The film shouldn’t work as well as it does. Waititi is obviously fueled by a love of the corny sci-fi box office bombs that littered HBO’s schedule in the early and mid 80s (post-Star Wars) like Krull, Beastmaster, Flash Gordon, Buckaroo Banzai, and so on – movies that I myself watched in a constant loop, attracted to the gonzo so-bad-it’s-great storytelling and campy visuals. In fact, Mark Mothersbaugh’s Moog-synth score sounds like it was written for an arcade game in 1983. And that’s a fabulous thing. (There is also an epic use of Led Zeppelin’s “Immigrant Song” in segments that bookend the film. It’s a touch that not only enlivens the two sequences in which the tune is used but adds a nice layer of meta commentary – “we come from the land of the ice and snow” – about finding one’s home and one’s place in this world.)

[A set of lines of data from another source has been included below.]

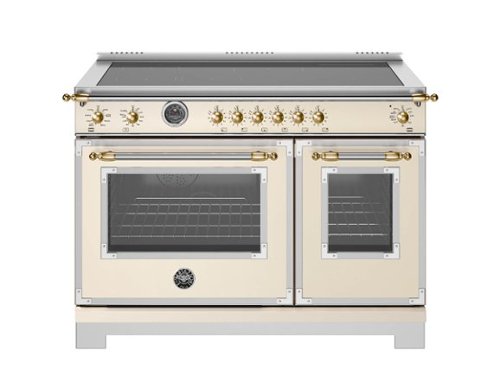 Bertazzoni - 48" Heritage Series Induction Range - Avorio/Gold - Ivory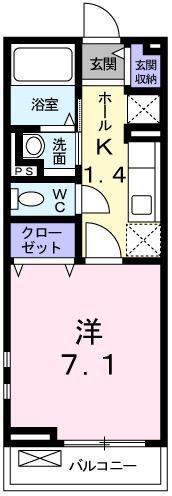 サニーコート(1K/2階)の間取り写真
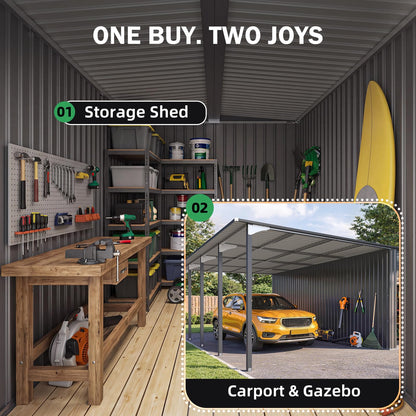 YODOLLA 12x16 Lean to Gazebo Metal Shed Combo, Hardtop Carport with Storage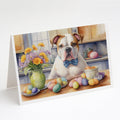 Decorating Easter American Bulldog Greeting Cards Pack of 8 Blank Cards with Envelopes Whimsical A7 Size 5x7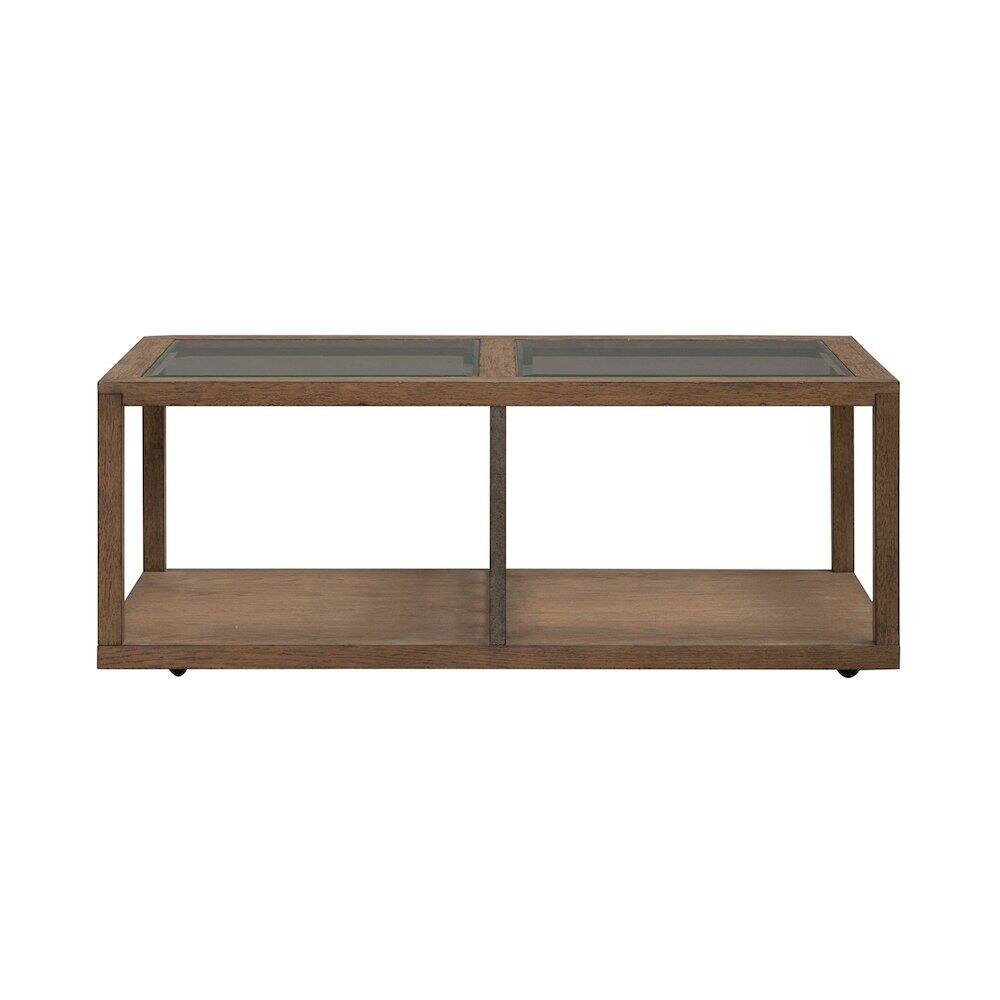 Front. Liberty Furniture Industries - Bayhill Trellis Cocktail Table for Living Room - Honey w/ Black Metal Accents - Brown.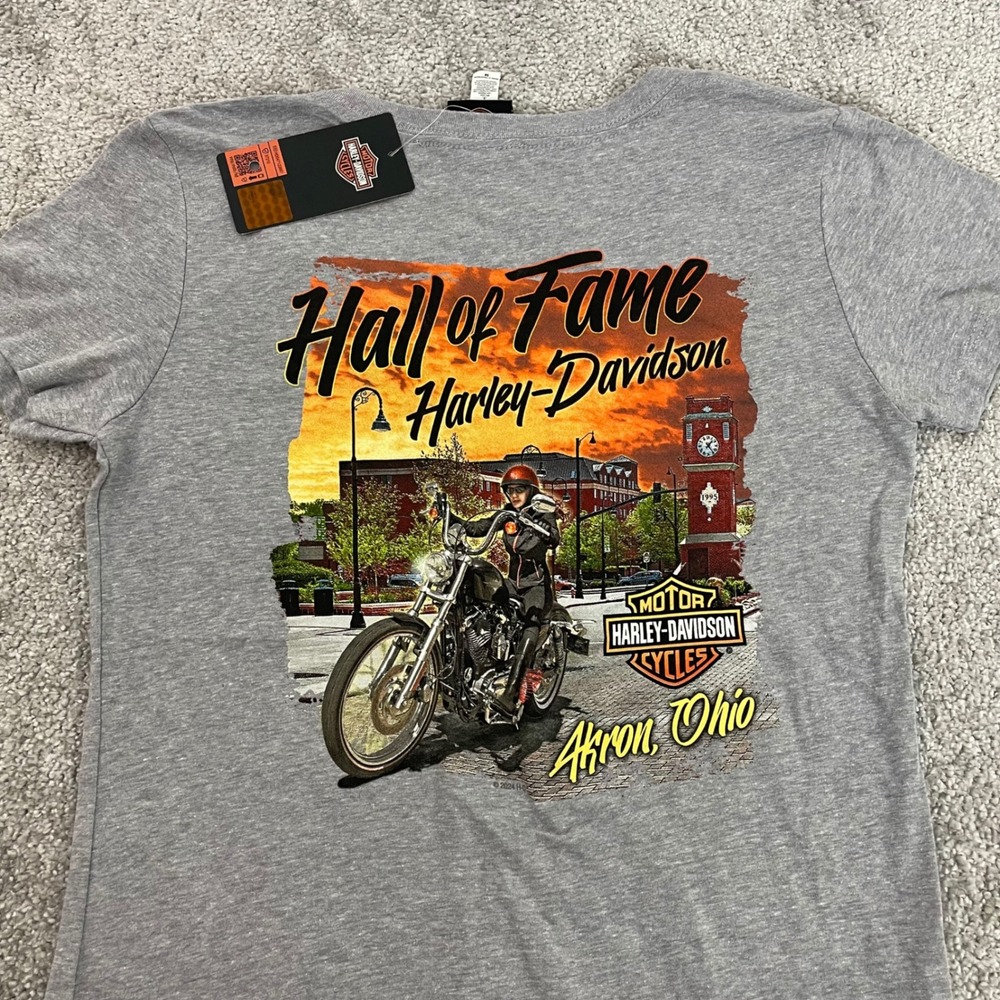 NEW Harley-Davidson Tee Womens Medium Hall Of Fame Akron Ohio Gray V-Neck NWT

However, Waititi isn’t on a nostalgia trip; he isn’t interested in self-indulgence. Rather, with a Howard Hawks-esque (Bringing Up Baby) command of pacing, set-up, visual jokes, and patter, Waititi delivers a character-driven romp that celebrates a lost soul embracing his destiny and learning a touch of humility along the way. Of course, in this case, the lost soul happens to be the Norse God of Thunder and a superheroic Avenger who pals around with the Hulk, but that’s beside the point. Odin (a wry Anthony Hopkins) consoles his son at one point, when Thor is bemoaning the loss of his magic hammer Mjolnir, “But … are you Thor, god of … hammers?”

The plot is almost impossible to encapsulate, but I’ll try. Thor and brother Loki (Tom Hiddleston reclaiming the smarmy twinkle that made the character such fun initially) are on a search to find their father Odin who is hiding out in Norway. Early on, they encounter Benedict Cumberbatch’s Dr. Strange in a witty cat-and-mouse sequence that telegraphs that Ragnarok won’t be your typical Marvel flick.

[Image Source: Wikipedia]

Eventually, Loki and Thor discover that their father has concealed both a dark history from them and the existence of a sister Hela (Cate Blanchett, all slither and swagger and having a devil of a good time) who has returned to Asgard to take over the universe and wear some really fierce eyeliner and multi-horned headgear. Thor and Loki get shunted by Hela to Sakaar, a planet of garbage and misfit toys, where Jeff Goldblum’s Grandmaster runs a Let’s Make a Deal-meets-Gladiator “Contest of Champions.” (This is the best use of Goldblum’s insidious, out-sized, googly-eyed demeanor in years.)

Lo and behold, Thor’s old buddy The Hulk (Mark Ruffalo fully embracing the sweet/sour rampaging baby characterization from the Avengers films) is somehow on Sakaar too. The boys fight; they make up; they fight again; and eventually, with the aid of new compatriot Valkyrie (Tessa Thompson bringing the boozy, bossy fun), return to Asgard and save the day (more or less) from Hela’s machinations. Whew.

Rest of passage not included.